За плетнем началась какая–то возня, и послышался сердитый голос отца Инэко. Раздался звук пощечины.
— Сумитян, я тоже!.. — крикнула сдавленным голосом Инэко.
Повидимому, ей зажали рот рукой и втащили в дом. Сумико посмотрела на небо. Тучи шли со стороны моря. Наверно, скоро опять пойдет дождь. Мимо плетня пробежали мальчишки с бумажным змеем. Стала затекать нога. Сумико вытянула ногу и потерла ее. Услышав сзади голоса, она села, подобрав под себя ноги.
— Всыпать ей надо как следует! — сказал мужской голос. — Дурит. Нечего смотреть!
Сумико стала медленно считать про себя, отсчитывала только вдохи, пропуская выдохи. Когда отсчитала до ста двадцати трех, стукнула калитка. К Сумико подошел дядя и тихо сказал:
— Ну, идем… срамишь меня. Все смеются.
Она промолчала.
— Иди домой, — шепнул дядя. — Проголодалась?
— Ничего не буду есть, — ответила Сумико. — Упаду… все равно не буду. Умру.
Дядя вошел в дом. За плетнем послышались женские голоса:
— С ума сошла!
— Сидит с ночи. Бесстыдница какая!..
— Дура! — крикнули мальчишки. — Пикадон!
В щеку Сумико попал комочек грязи. Еще что–то бросили в спину, потом в голову.
— Пошли отсюда! — крикнула женщина — голос матери Инэко.
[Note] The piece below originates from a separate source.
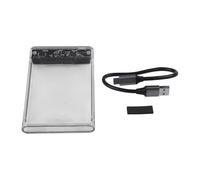 JoyousMall Shuole 2.5 Inch for sata to USB 3.2 Hard Drive Enclosure with HD Display for SSD HDD up to 4TB, Tool-Free Installation, UASP TRIM Support, Real-Time Monitoring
Мальчишки убежали. Сумико вытерла рукавом лицо и волосы. Она отсчитала еще девяносто три. Во двор вошла жена Кухэя и, подойдя к двери, сказала:
— Куни–сан, прости ее… больная ведь.
Дядя ответил ей что–то сердитым голосом.
— Не жалеет совсем, — пробормотала жена Кухэя. Она подошла к Сумико. — А ты тоже не упрямься… нехорошо так. Попроси прощения.
— Я ничего плохого не делала, — ответила Сумико.
— Иди домой, дядю надо слушаться.
Постояв немного, жена Кухэя поцокала языком и вышла за калитку.
Весть о ее сидении распространилась по всему поселку. У плетня все время стояли люди и оживленно обсуждали событие. Одни жалели девочку: уж если решилась на такое — значит, довели до этого; другие ругали: за такое непослушание надо хорошенько отодрать, чтобы запомнила на всю жизнь.